* [Assigned task]:
For this exercise, restate word for word only the lines from the one containing "964 Estudillo Ave" through the last line below. Pictures do not get copied.

Short text fragments from websites:
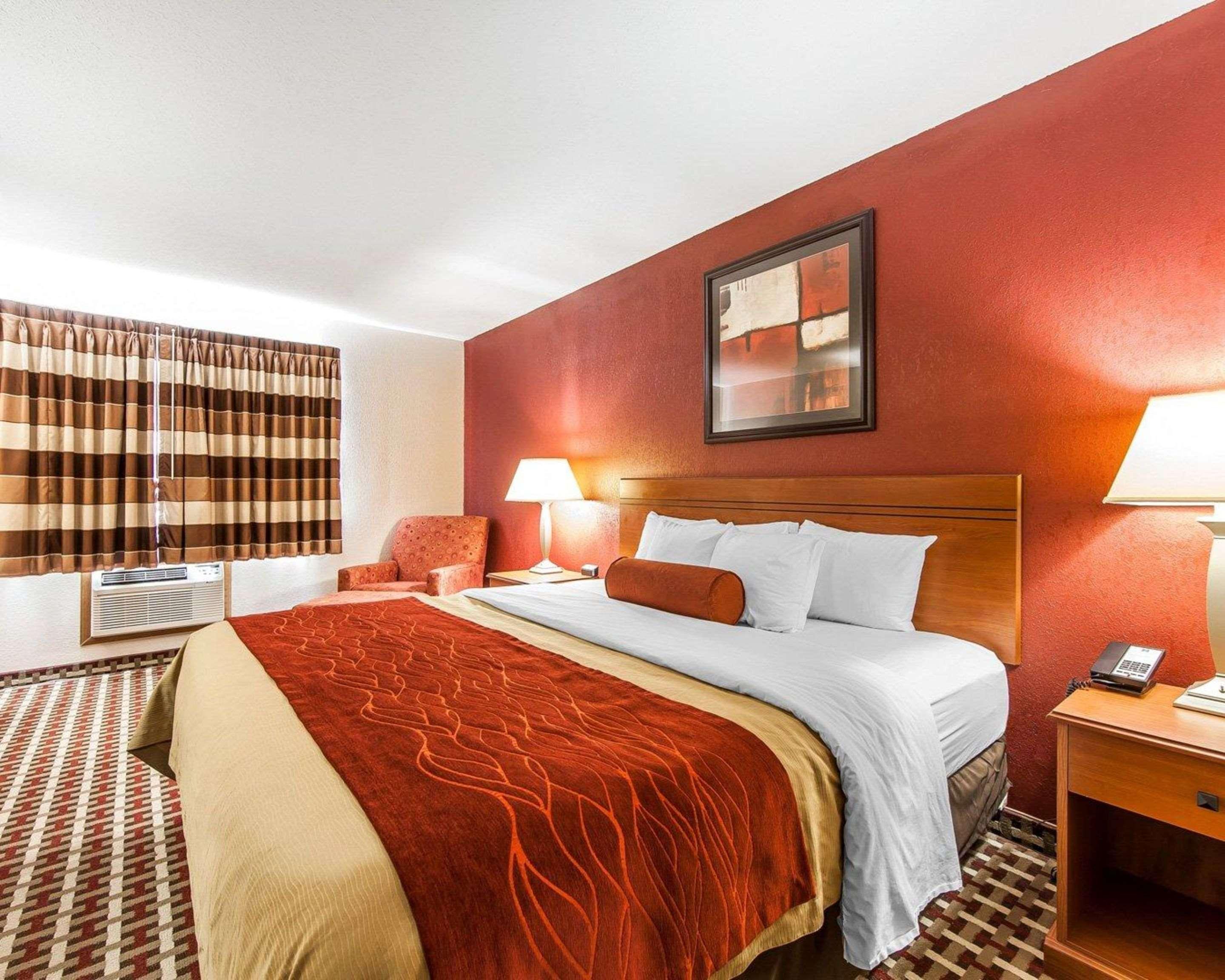 Quality Inn Seaman Buitenkant foto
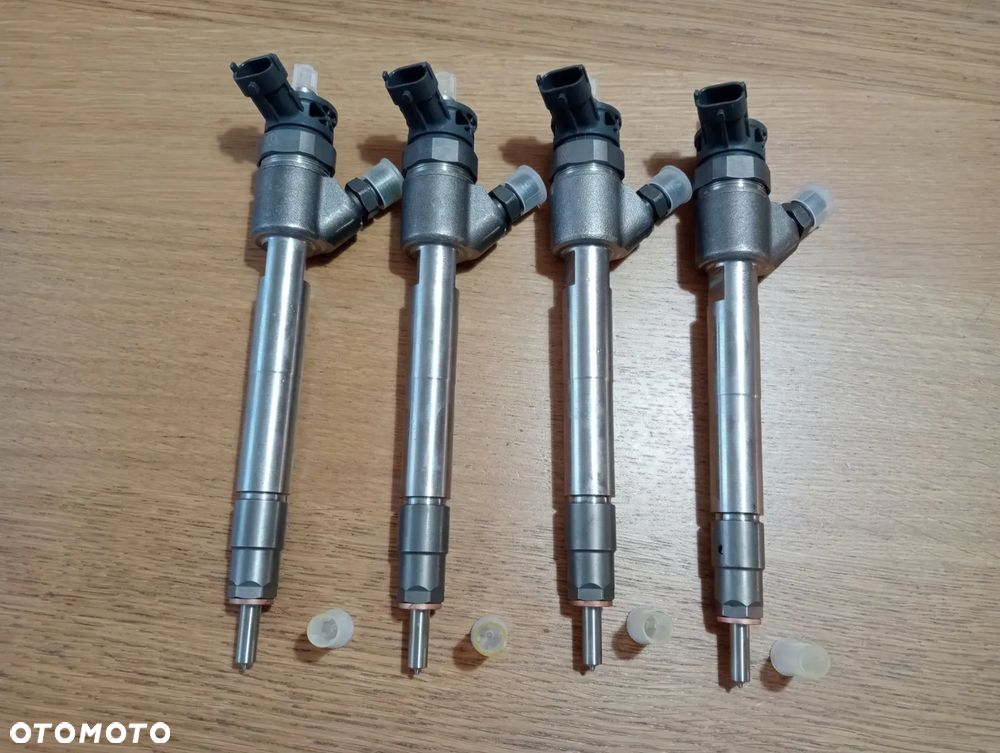 WTRYSK WTRYSKIWACZ BOSCH  0445110955 9828959880 NOWY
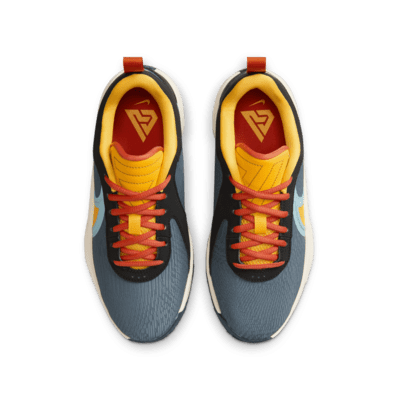 Tenis de básquetbol para niños grandes Giannis Freak 6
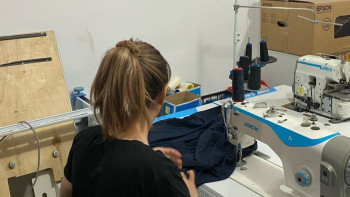 Фотография к новости: Темір тордың ар жағындағы тігіншілер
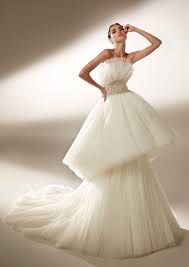 Abiti da sposa 2021 sono tendenze che dovrebbero essere considerati come un abito è la parte più importante di un matrimonio per molti. Abiti Da Sposa 2021 Speciale Tendenze Moda Look Bridal Laccio Abito Da Sposa Abiti Da Sposa Con Perline Vestiti Da Ballo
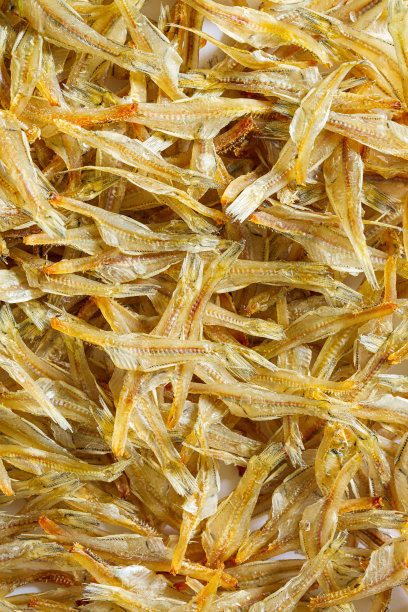 鱼干背景，亚洲市场的小鱼干，图片下载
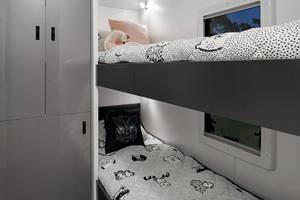 <span class=keywords><strong>Remolque</strong></span> de viaje de fibra de vidrio <span class=keywords><strong>todoterreno</strong></span> para caravana familiar de lujo Negro con luces LED y suspensión independiente - Product Image 6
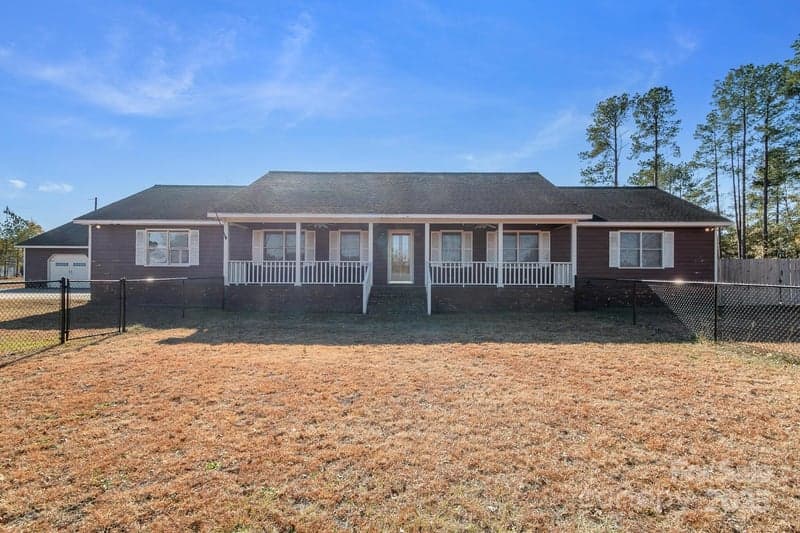 1295 Cattle Ridge, Cheraw, SC - 3 beds, 2 baths, 1,944 sqft - $285,000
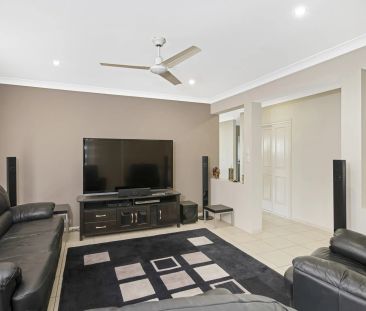 13 Backhousia Crescent, - Photo 4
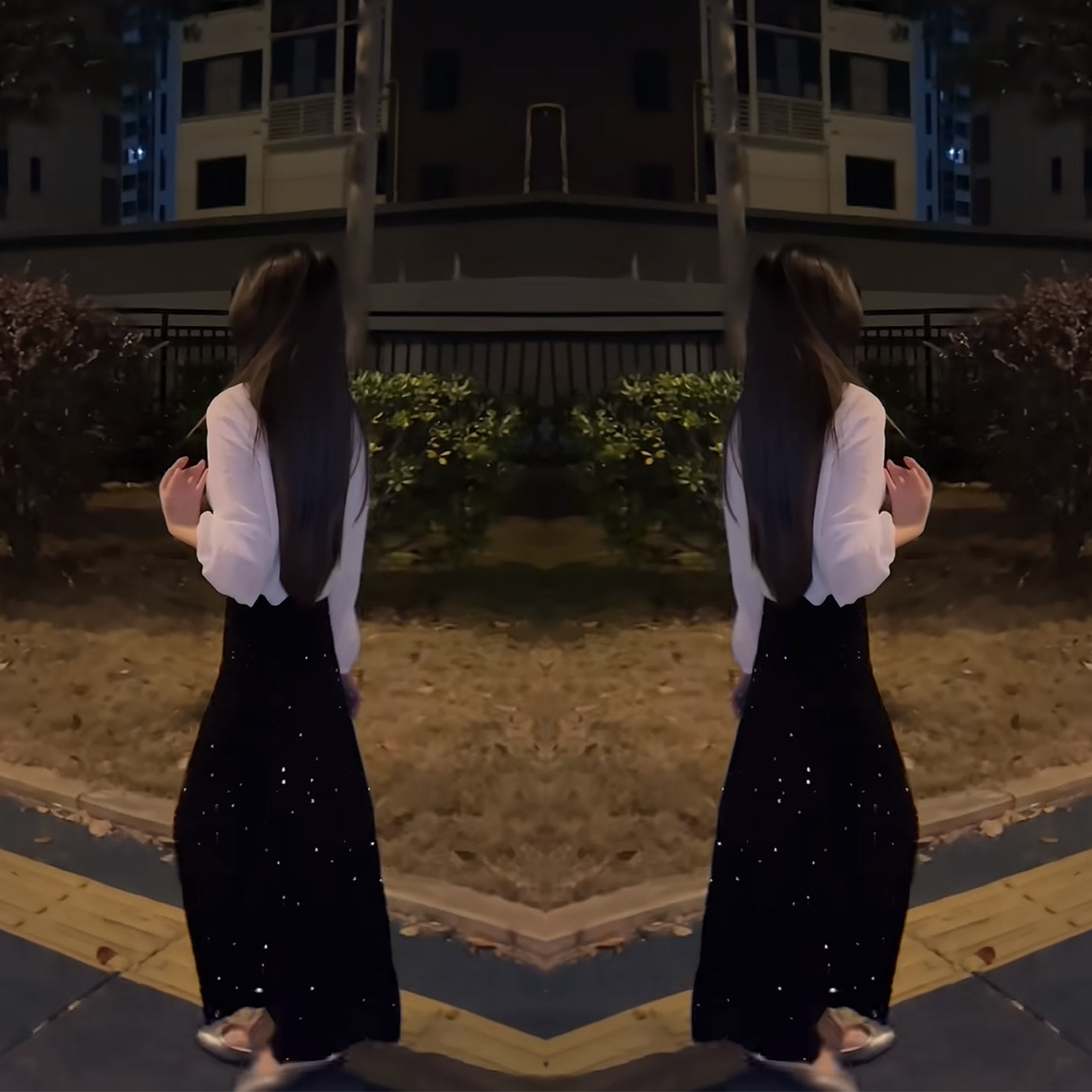 韩版休闲衬衫搭配黑色亮片半身裙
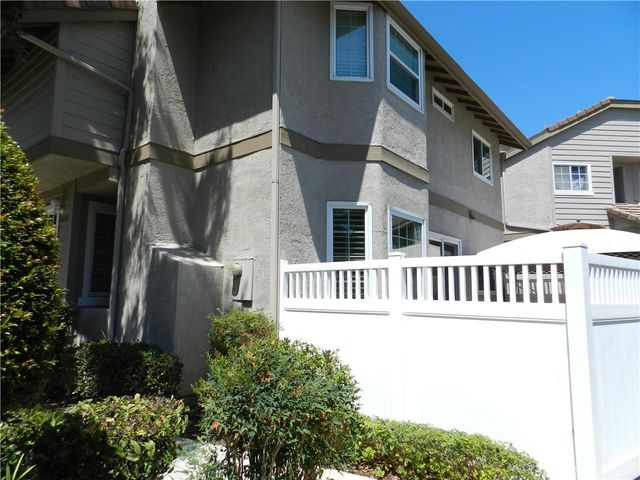 24393 Hillsdale 18, Laguna Hills, CA 92653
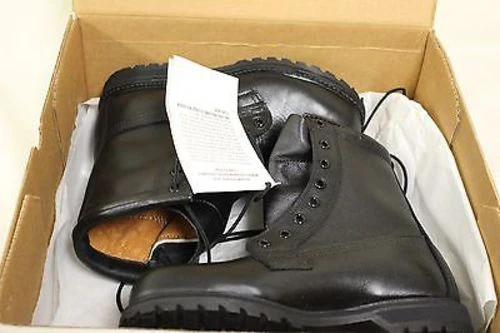 Vibram Intermediate Cold/Wet Weather Boots with Safety Toe, Size: 4XW, Black, New - Image 6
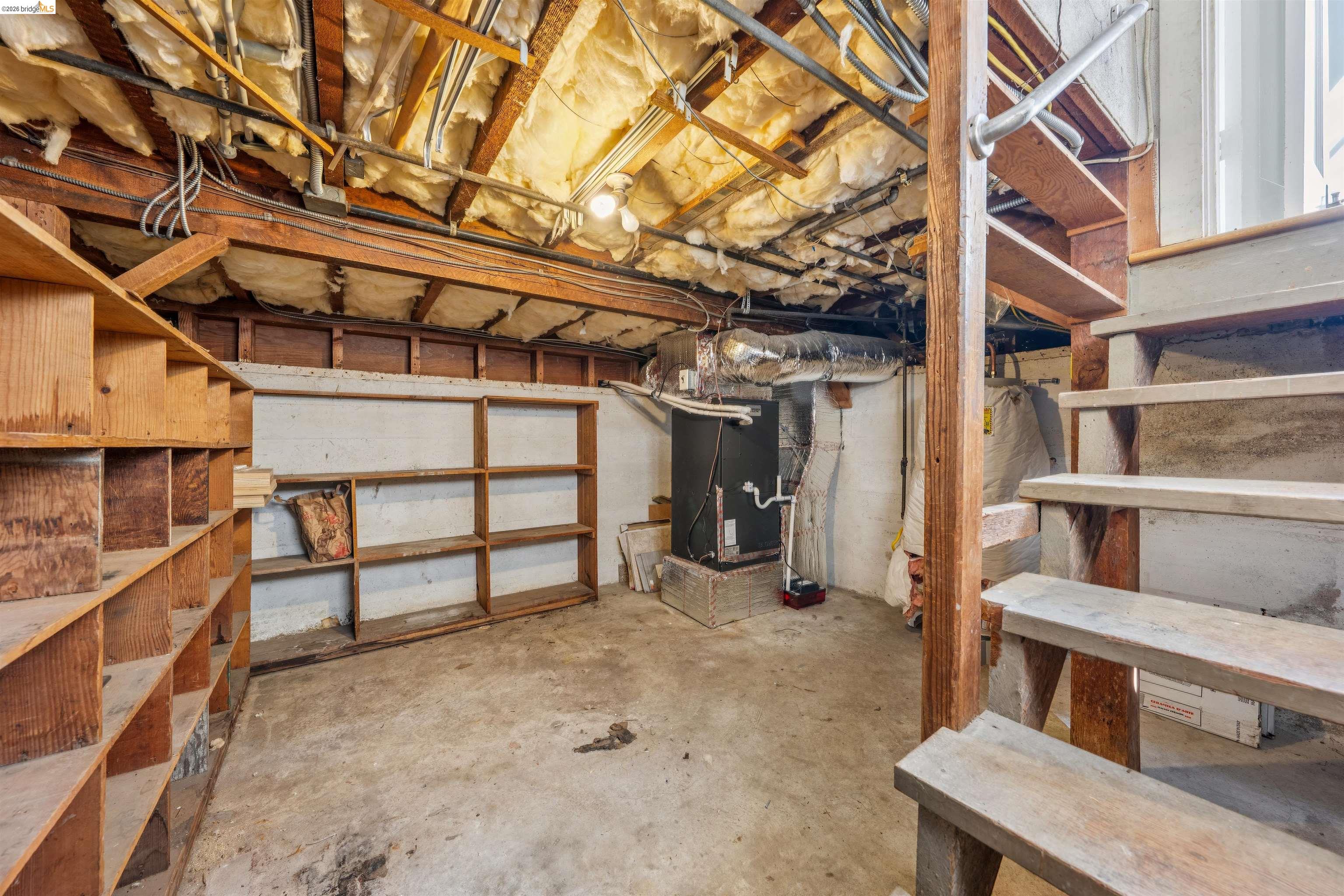 964 Estudillo Ave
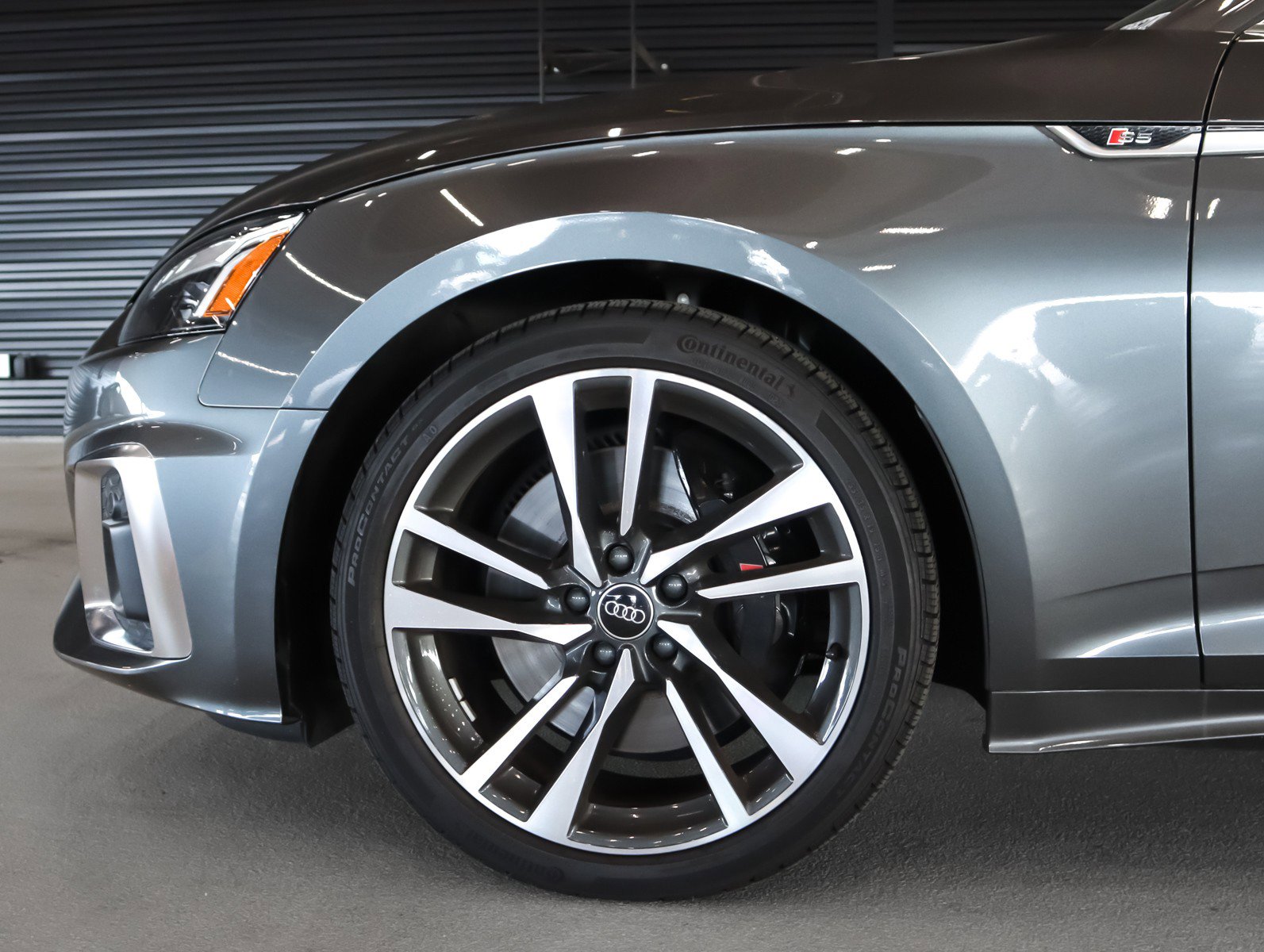 Used 2025 Audi S5 Premium Plus w/ Premium Plus Package image 4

* [Response for this exercise]:
 964 Estudillo Ave
 Used 2025 Audi S5 Premium Plus w/ Premium Plus Package image 4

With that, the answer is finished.